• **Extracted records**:
___

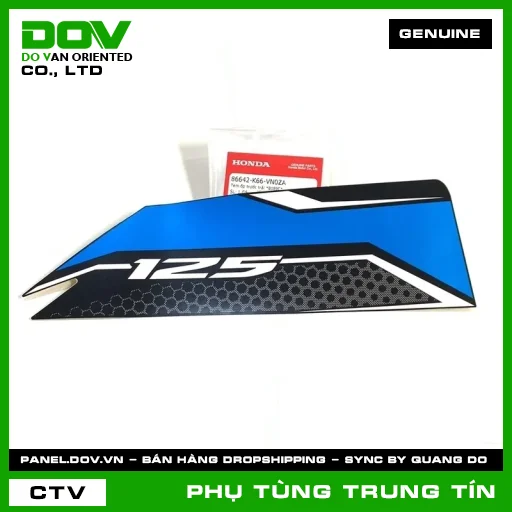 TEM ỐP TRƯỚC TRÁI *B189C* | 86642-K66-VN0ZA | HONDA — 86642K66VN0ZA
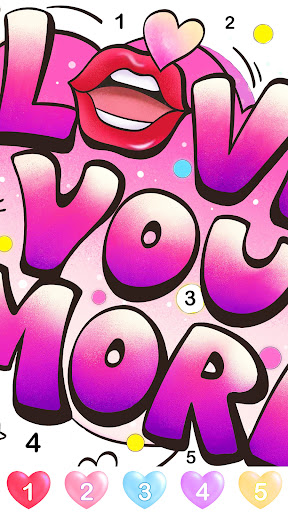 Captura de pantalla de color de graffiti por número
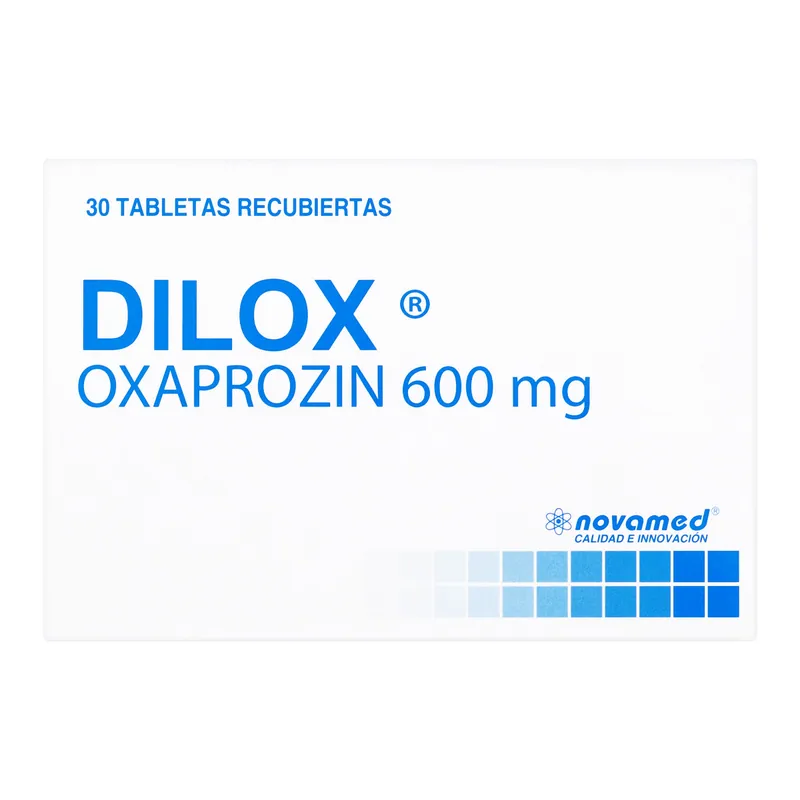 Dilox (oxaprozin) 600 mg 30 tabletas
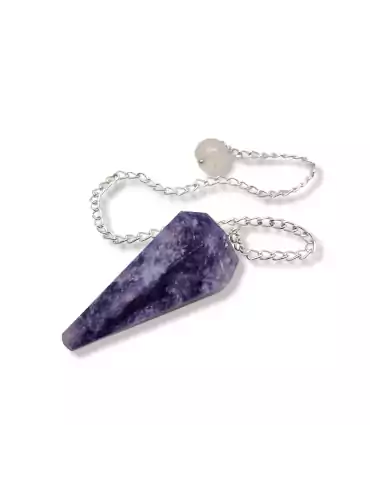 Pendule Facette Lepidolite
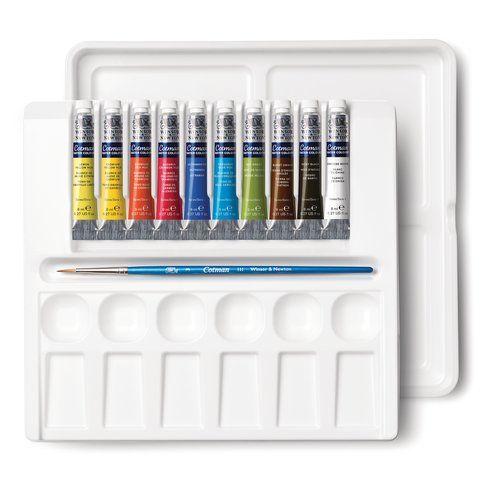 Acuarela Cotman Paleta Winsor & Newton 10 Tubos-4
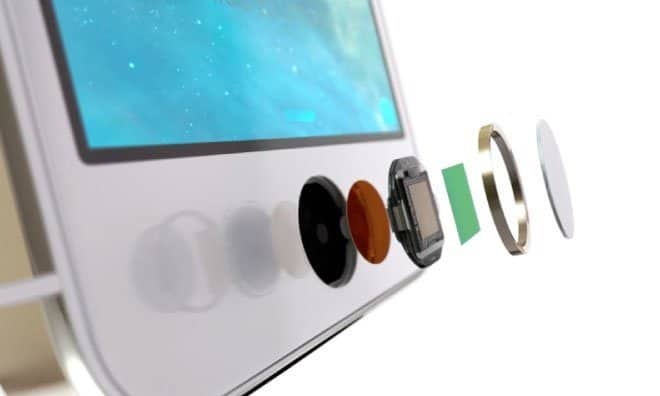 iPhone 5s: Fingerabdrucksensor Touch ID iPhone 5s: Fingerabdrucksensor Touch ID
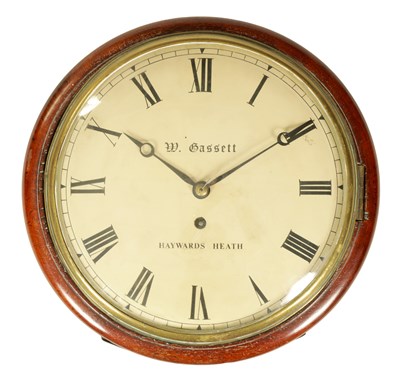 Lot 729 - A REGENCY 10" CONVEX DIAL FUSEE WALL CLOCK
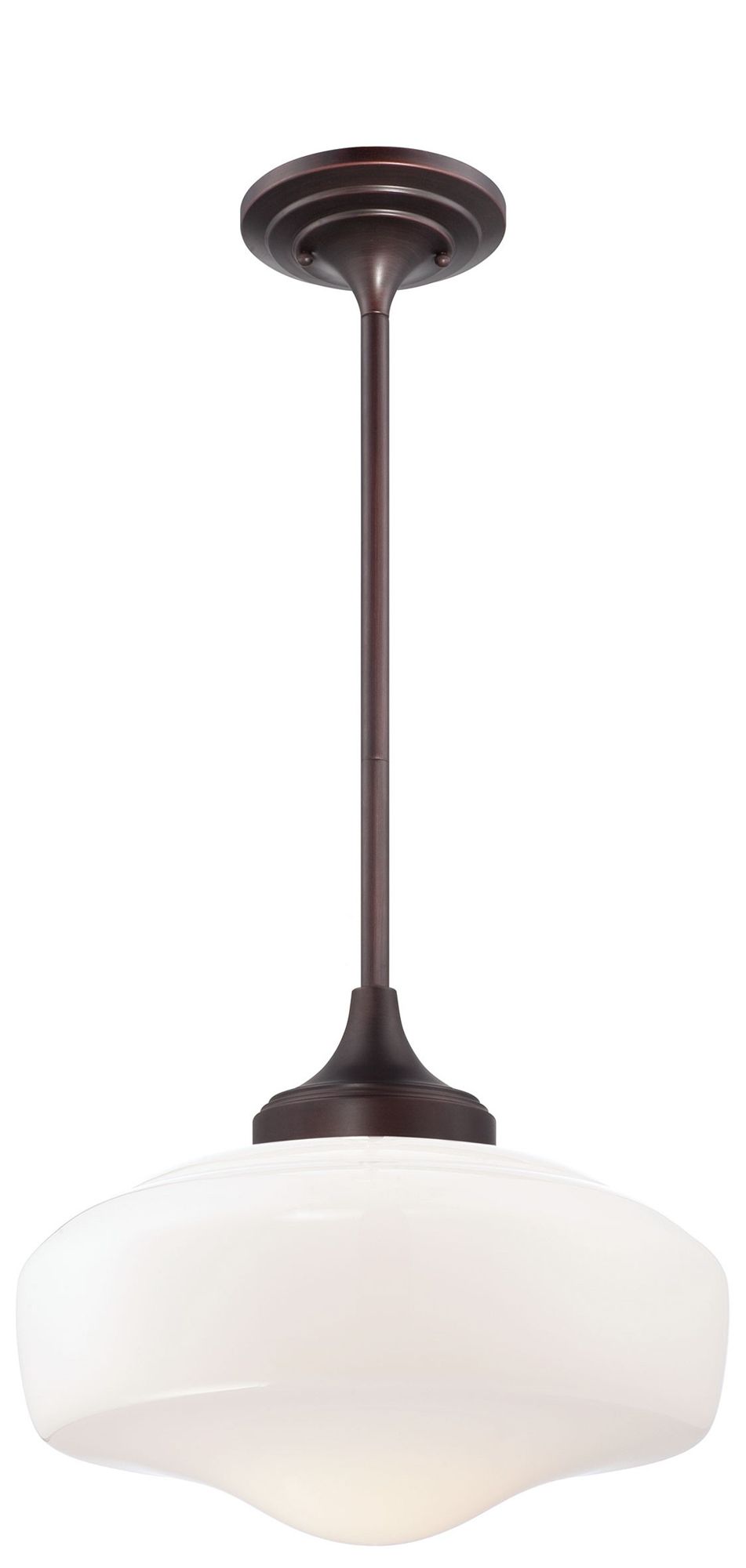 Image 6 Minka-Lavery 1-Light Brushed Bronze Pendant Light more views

___

• **How to complete this task**: Reproduce each line above exactly, but not a single picture.

• **Exercise answer**:
 TEM ỐP TRƯỚC TRÁI *B189C* | 86642-K66-VN0ZA | HONDA — 86642K66VN0ZA
 Captura de pantalla de color de graffiti por número
 Dilox (oxaprozin) 600 mg 30 tabletas
 Pendule Facette Lepidolite
 Acuarela Cotman Paleta Winsor & Newton 10 Tubos-4
 iPhone 5s: Fingerabdrucksensor Touch ID iPhone 5s: Fingerabdrucksensor Touch ID
 Lot 729 - A REGENCY 10" CONVEX DIAL FUSEE WALL CLOCK
 Image 6 Minka-Lavery 1-Light Brushed Bronze Pendant Light more views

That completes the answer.